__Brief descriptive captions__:
======
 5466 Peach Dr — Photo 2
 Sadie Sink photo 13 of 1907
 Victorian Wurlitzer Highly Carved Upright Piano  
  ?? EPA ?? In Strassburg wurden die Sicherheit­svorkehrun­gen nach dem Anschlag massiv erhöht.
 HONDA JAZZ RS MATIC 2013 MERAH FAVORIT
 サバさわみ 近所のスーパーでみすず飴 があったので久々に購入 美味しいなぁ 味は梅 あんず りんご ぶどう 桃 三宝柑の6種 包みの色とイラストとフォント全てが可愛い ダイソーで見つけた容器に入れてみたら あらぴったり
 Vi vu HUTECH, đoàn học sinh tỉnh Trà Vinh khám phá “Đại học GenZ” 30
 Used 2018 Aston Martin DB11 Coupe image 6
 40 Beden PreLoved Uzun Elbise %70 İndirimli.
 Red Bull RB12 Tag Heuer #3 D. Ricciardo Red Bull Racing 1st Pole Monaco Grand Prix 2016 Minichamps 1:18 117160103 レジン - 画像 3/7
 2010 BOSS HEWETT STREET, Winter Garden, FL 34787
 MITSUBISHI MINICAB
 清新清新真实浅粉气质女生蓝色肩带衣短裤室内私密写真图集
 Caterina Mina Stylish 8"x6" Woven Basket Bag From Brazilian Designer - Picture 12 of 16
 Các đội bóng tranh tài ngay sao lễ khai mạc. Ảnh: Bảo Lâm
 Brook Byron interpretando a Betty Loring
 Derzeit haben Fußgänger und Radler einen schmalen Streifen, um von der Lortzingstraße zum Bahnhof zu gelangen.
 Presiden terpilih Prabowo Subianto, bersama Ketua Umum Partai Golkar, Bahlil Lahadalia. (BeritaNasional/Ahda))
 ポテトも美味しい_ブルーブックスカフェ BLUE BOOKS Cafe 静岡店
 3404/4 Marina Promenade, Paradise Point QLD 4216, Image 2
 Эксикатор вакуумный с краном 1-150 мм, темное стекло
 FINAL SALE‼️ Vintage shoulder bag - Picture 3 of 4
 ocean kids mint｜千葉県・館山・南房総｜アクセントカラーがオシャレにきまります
======
__WHAT THE EXERCISE ASKS__:
Please output only the lines from the first line of the entries through the line with "サバさわみ 近所のスーパーでみすず飴 があったので久々に購入", both included, exactly as written.

__ANSWER FOR THE TASK__:
 5466 Peach Dr — Photo 2
 Sadie Sink photo 13 of 1907
 Victorian Wurlitzer Highly Carved Upright Piano  
  ?? EPA ?? In Strassburg wurden die Sicherheit­svorkehrun­gen nach dem Anschlag massiv erhöht.
 HONDA JAZZ RS MATIC 2013 MERAH FAVORIT
 サバさわみ 近所のスーパーでみすず飴 があったので久々に購入 美味しいなぁ 味は梅 あんず りんご ぶどう 桃 三宝柑の6種 包みの色とイラストとフォント全てが可愛い ダイソーで見つけた容器に入れてみたら あらぴったり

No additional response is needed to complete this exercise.